DUBAI —A growing number of major UAE developers are setting up in-house contracting firms in Dubai, after long relying on third-party contractors. The move is aimed at increasing control over construction timelines, costs and quality standards, and ultimately, securing a larger share of profits, though it could also carry risks.
Emaar Properties, which developed the Burj Khalifa, has established Rukn Mirage under its subsidiary Mirage, joining developers such as Samana Developers, Ellington, and Azizi, all of which have launched in-house contracting units in the past two years.
The shift comes as Dubai’s real estate surges, with prices up 70 percent over four years to December 2024 and a government plan to double the population to 7.8 million by 2040.

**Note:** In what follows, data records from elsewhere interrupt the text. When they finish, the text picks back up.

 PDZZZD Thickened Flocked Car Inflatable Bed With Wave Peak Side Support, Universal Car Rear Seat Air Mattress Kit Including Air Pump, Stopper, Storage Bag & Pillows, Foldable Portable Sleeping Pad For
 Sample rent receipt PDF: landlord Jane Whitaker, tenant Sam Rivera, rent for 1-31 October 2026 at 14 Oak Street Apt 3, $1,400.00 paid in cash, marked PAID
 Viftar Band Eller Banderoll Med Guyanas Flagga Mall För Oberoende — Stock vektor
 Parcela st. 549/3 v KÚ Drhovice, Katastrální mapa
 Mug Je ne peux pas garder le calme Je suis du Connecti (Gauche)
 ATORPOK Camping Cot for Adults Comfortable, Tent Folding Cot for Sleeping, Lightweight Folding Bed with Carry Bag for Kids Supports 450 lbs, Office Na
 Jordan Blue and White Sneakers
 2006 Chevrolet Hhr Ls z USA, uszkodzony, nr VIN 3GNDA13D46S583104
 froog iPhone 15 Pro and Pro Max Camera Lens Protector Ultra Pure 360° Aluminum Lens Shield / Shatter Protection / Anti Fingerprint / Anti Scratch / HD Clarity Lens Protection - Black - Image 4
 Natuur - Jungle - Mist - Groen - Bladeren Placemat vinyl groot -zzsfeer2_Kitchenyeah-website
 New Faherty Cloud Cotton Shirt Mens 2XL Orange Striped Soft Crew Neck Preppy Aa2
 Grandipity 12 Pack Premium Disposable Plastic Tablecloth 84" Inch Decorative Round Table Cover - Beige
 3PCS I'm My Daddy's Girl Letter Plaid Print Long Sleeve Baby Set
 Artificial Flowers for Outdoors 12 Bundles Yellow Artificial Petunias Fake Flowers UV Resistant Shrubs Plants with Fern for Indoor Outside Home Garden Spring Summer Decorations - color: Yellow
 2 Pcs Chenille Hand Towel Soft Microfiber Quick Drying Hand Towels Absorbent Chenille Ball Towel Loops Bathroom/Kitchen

Property launches rose 83 percent in 2024, though completions fell 23 percent, industry data shows.
But bringing construction in-house may also carry risks.
“When developers try to become builders, they start splitting focus — and that’s when things can get muddy,” said Gordon Rodger, founder and managing partner at construction consultancy Stonehaven.
“They end up with teams stretched between land acquisition, sales, marketing, events, PR, funding… and now also procurement, site logistics, health and safety, and huge amounts of sub-contractor management.”
Rodger also cautioned that developers could be left with idle construction capacity in a downturn.
“You’ve got a big factory, a pre-cast yard, a huge joinery division, in-house plant, in-house equipment all sitting idle and you’ve got no work because your master developer can’t sell any real estate,” he said.